Coincidentally, this also seems to line up nicely compared to the Canoness Commander, who is likewise the leader of a subordinate detachment, once again confirming similarities in the organisation of both factions as pointed out in the Codex Imperialis! Bonus consistency ftw.
The one point which needs poking there (dependent on people's view) is the issue of Fleet assets; its always been a bit unclear what ships they have access to, and interstellar mobility is a big issue to a contact's value - for sororitas it's less of an issue admittedly as commandery/preceptory scale forces will usually be stationed on big, politically important shrine worlds; if you're trying to get a contact to provide influence and forces that are useful to an inquisitorial warband, having the local canoness commander pass word to the Palatine commander of the local mission to loan out a squad of elohim veterans is probably more than enough. for most purposes.
 
Daemonifuge did include the concept of an Ecclesiarchal battleship, but the decree passive makes that seem highly unlikely. It could be a 'loaned' navy ship, but then that's subject to the navy pulling it out from under you, and it's not like the Canoness can legally issue orders to a Black Ship, regardless of how many people she nominally has on board.
 
 
Also, one other thing worth noting: the Titan Legions/Force Worlds.
 
There is a bit of stratification amongst forge worlds - the 'big names' like Ryza or Stygies often have treaties where they provide STC patterns under what sounds like license to other, lesser forges.
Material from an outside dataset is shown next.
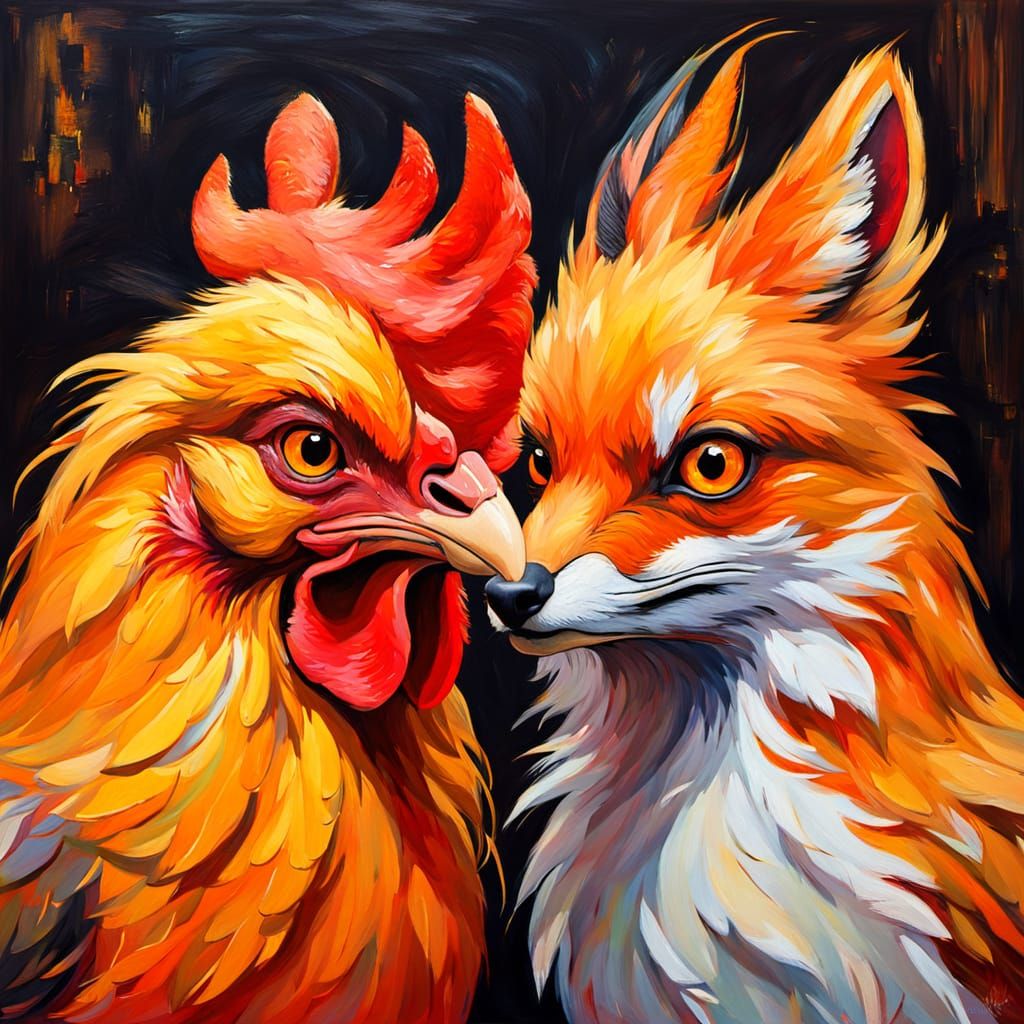 Fauvist Chicken and Fox Close Up in Warm Golden Light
Plus, there are Knight worlds sworn direct to the Mechanicus rather than to their local Lord Sector.
 
Equally, whilst a Titan Legion's Grand Master/Legate/Whatever title you want to use this week is definitely subordinate to the Fabricator Locum of his 'home forge' they are generally a major world. A lot of forges (such as Orestes in Titanicus) only rate a partial legio detatchment from somewhere else, and where you have a full legion deployed, their commander will (politely but firmly) tell the local hierarchy where to get off.
 

 

Do you think stuff like this should be accounted for by adding a "+0.5" kind of invisible tier (basically, just a slightly higher cost) to some types of contact depending on the individual's influence, or is this something the GM should account for by themselves? Could always add an appropriate disclaimer at least.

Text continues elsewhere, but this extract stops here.